A $500,000 grant approved Thursday by the Governor's Office of Economic Development board will help kickstart a tutorial being developed by two nonprofits: Envision Utah and UCAIR, a clean-air partnership set up in 2012 by Gov. Gary Herbert.

"Utah residents are concerned about air pollution and its impact on their health," Spencer Eccles, GOED's executive director, said of the "Let's Clear the Air" campaign.

"Understanding the origin of the pollution will help everyone be better informed about the actions they can take toward achieving better air quality," he said, adding "poor air quality has a negative impact on business growth and the quality of life for Utah residents."

Funding for the campaign was approved one day after Salt Lake City Mayor Ralph Becker challenged the state to do more to fight pollution in his State of the City address devoted solely to the topic of clean air.

Alan Matheson, Herbert's senior environmental adviser, said technology has reduced the volume of air pollution fouling Utah's skies from levels measured 20 years ago.

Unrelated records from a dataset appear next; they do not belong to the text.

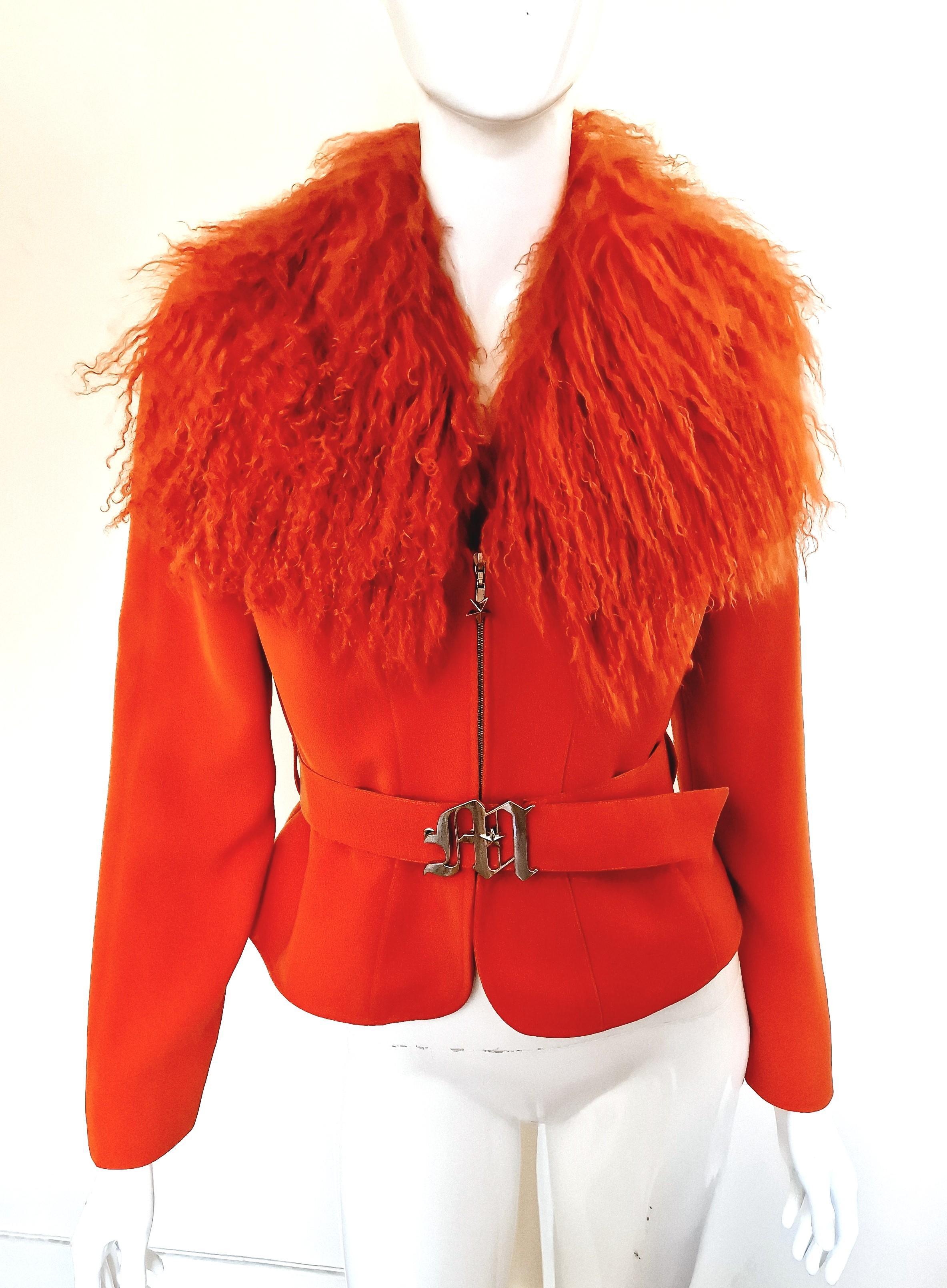 Lamb fur jacket by Thierry Mugler!
Collar: removable Mongolian Lamb fur.
You can wear it with or without the attachable collar!
With shoulder pads!
Wonderful silhouette!
Wasp Waist look.
Metal *M* belt.
Metal star zipper.

VERY GOOD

And while U.S. Environmental Protection Agency officials chided the state earlier this week for not being tough enough on industrial polluters, Matheson said regulatory measures to cut their emissions will be considered in the upcoming legislative session.

But Utahns also have to take individual responsibility for generating pollution, said GOED spokesman Michael Sullivan, citing statistics that suggest 57 percent of Utah's air pollution comes from vehicles and 32 percent from home-heating systems and other small sources. Industry,he said, is responsible for 11 percent of the gunk in the air.

"It's important for people to know the component they play if they're going to start screaming and yelling about pollution," Sullivan said. "The educational campaign will teach all of us what our impacts are. … The state is leading [with proposed regulatory changes] and now the citizens need to do their part."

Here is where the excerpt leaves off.